Menjadi pertanyaan, berlakukah apa yang disuarakan Cak Nur? Manusia adalah cinta, manusia adalah mitra. Dalam tataran idealisme atau normatif, jawabannya ya, tetapi dalam tataran praksis? Manusia saling memakan sesamanya. Saya yang eksis atau saya yang mati! Kalau tidak percaya, buktikan di lapangan. Contoh kecil di dalam kantor anda bekerja. Kadang antar teman saling makan dengan sesamanya. Saling sikat untuk mempertahankan posisi. Tidak jauh-jauh dalam instansi keagamaan pun kadang terjadi praktik saling sikut, saling makan.......... Memalukan bukan?

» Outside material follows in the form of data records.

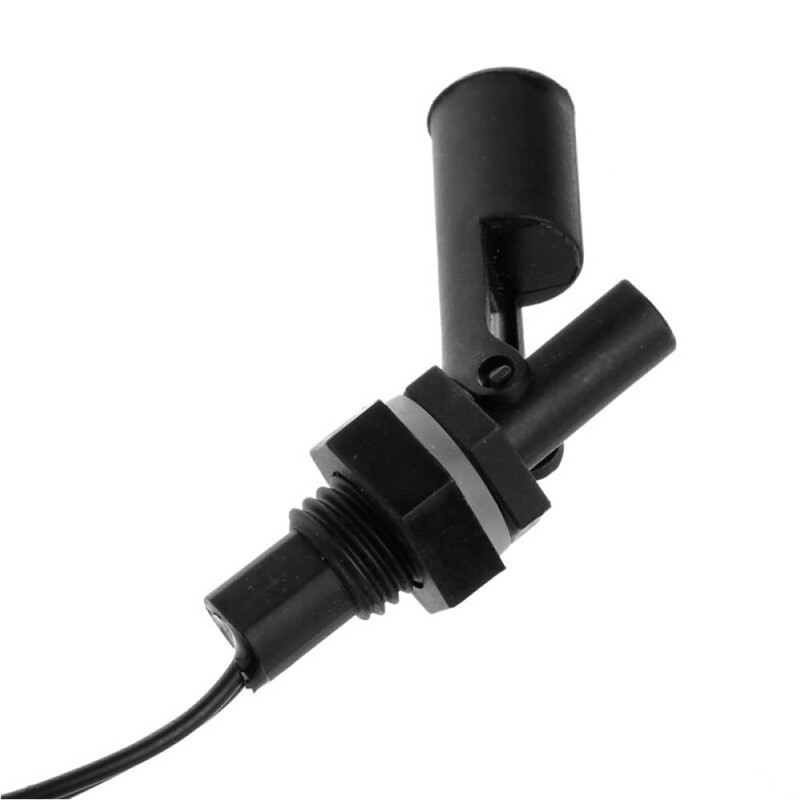 Liquid Level Sensor Horizontal Type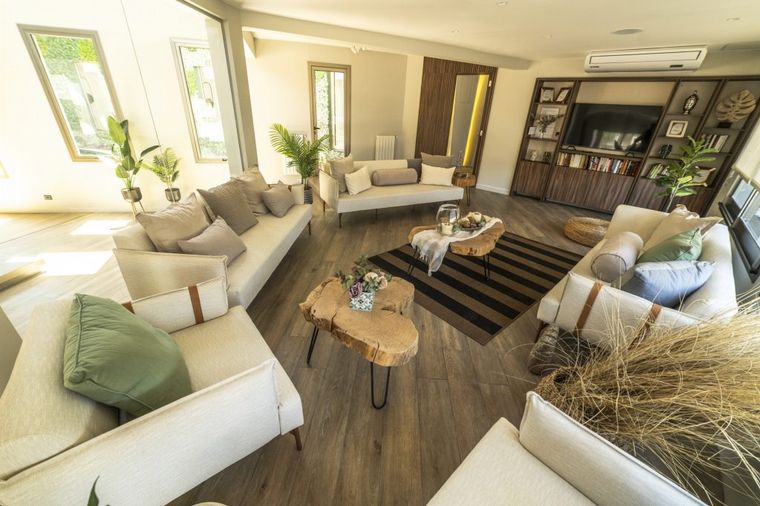 El Domingo Design Hotel tuvo su gran inauguración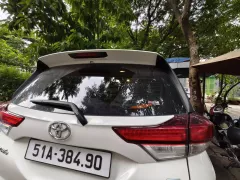 Chính chủ bán xe Toyota Rush sx 2018, đk 2019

Ini menjadi bahan pelajaran bersama bagi kita. Masih terlalu banyak orang yang mencelakakan manusia lainnya. Dengan dalih kemanusiaan, memerangi terorisme atau yang lainnya. Ini adalah gejala penyakit global yang sulit disembuhkan. Natal di tengah homo homini lupus. Itulah kondisi realitas. Bahwa manusia mempunyai nurani dan otak untuk berpikir lurus dan berlaku bening itu ada. Tetapi apa boleh dikata seberapa besar umat manusia yabng masih menggunakan otak dan nuraninya? Sangatlah terbatas, hanya orang-orang tertentu yang telah memiliki tahap kesadaran yang tinggi. Seberapa besar orang yang sanggup berkesadaran tinggi. Mayoritas manusia masih menggunakan kesadaran rendahnya. Manusia layaknya selevel dengan binatang. Sehingga kita patut mengacungi jempol kepada filosof yang telah memperingatkan kita dengan jargon homo homini lupus itu.

Kesadaran Tinggi

Manusia mempunyai level kesadaran yang berbeda-beda, dalam raja yoga misalnya manusia dibedakan dalam level kesadaran rendah, menengah, sampai tinggi. Lalu apa kaitannya dengan kesadaran dengan cinta kasih, kebenaran ataupun manusia menjadi serigala bagi sesama?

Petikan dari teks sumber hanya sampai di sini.